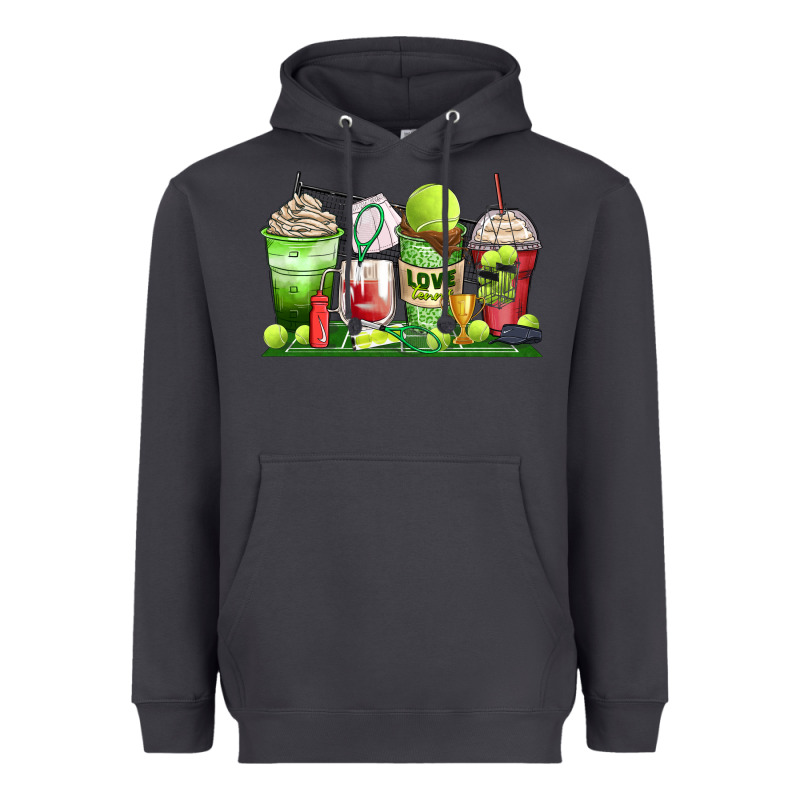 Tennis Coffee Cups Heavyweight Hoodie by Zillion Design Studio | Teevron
* * *
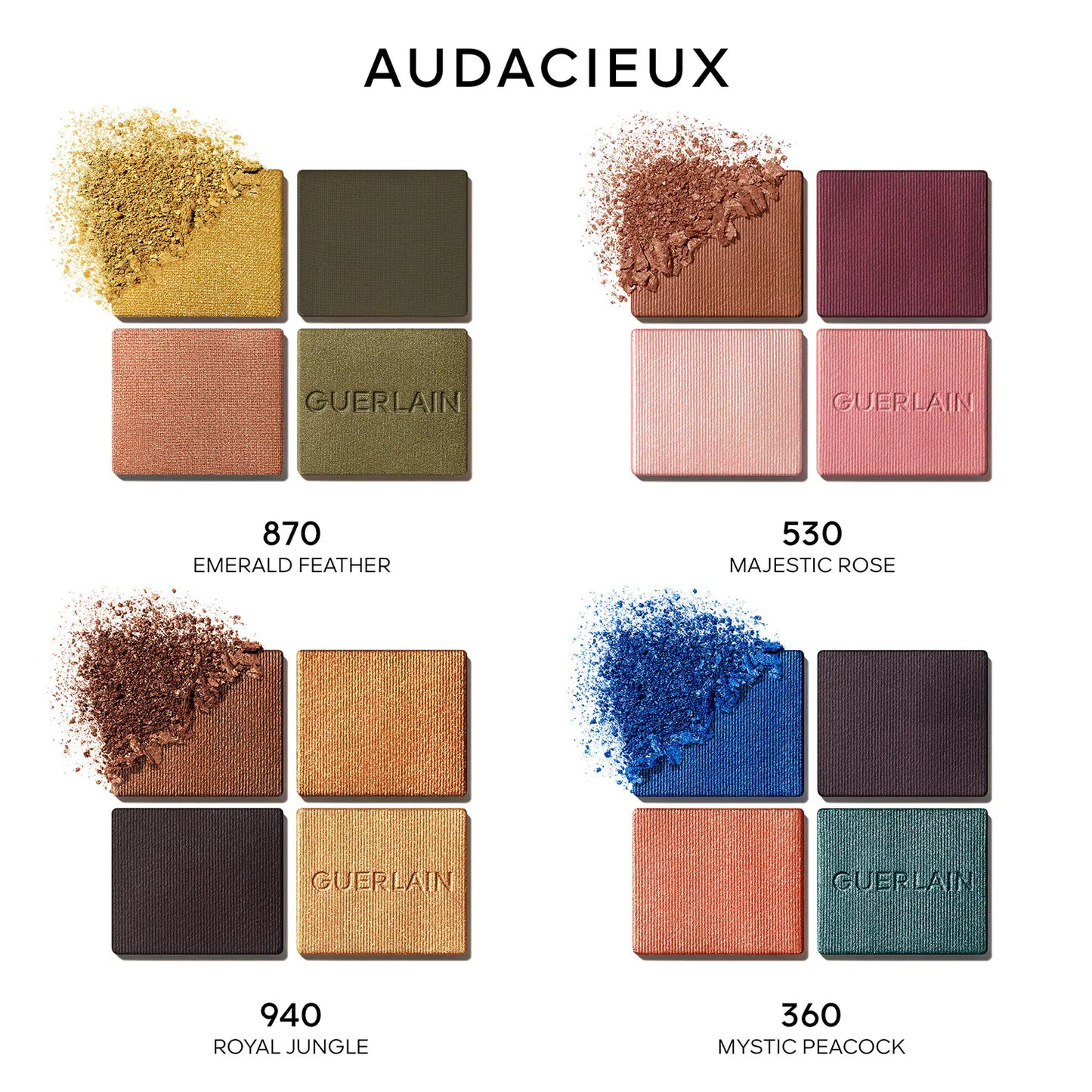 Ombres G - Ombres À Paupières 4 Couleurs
--
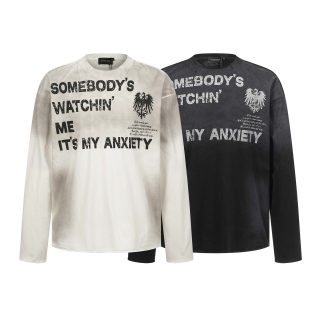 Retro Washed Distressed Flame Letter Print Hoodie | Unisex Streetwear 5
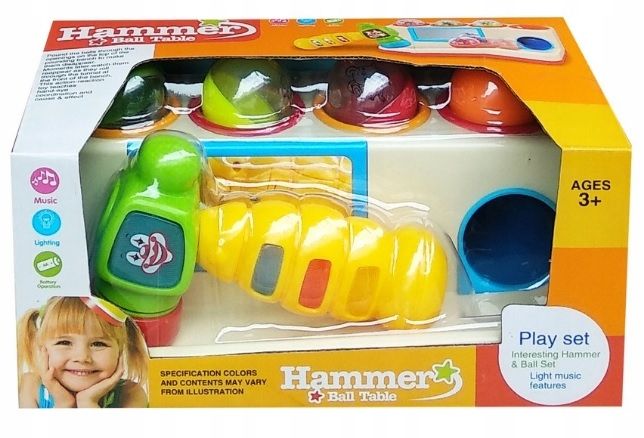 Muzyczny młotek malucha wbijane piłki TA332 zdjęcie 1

— YOUR TASK —
Within the data above, repeat exactly the lines from the one bearing "Retro Washed Distressed" through the one bearing "Muzyczny młotek malucha". Include no pictures and nothing else.

— RESULT OF THIS EXERCISE —
 Retro Washed Distressed Flame Letter Print Hoodie | Unisex Streetwear 5
 Muzyczny młotek malucha wbijane piłki TA332 zdjęcie 1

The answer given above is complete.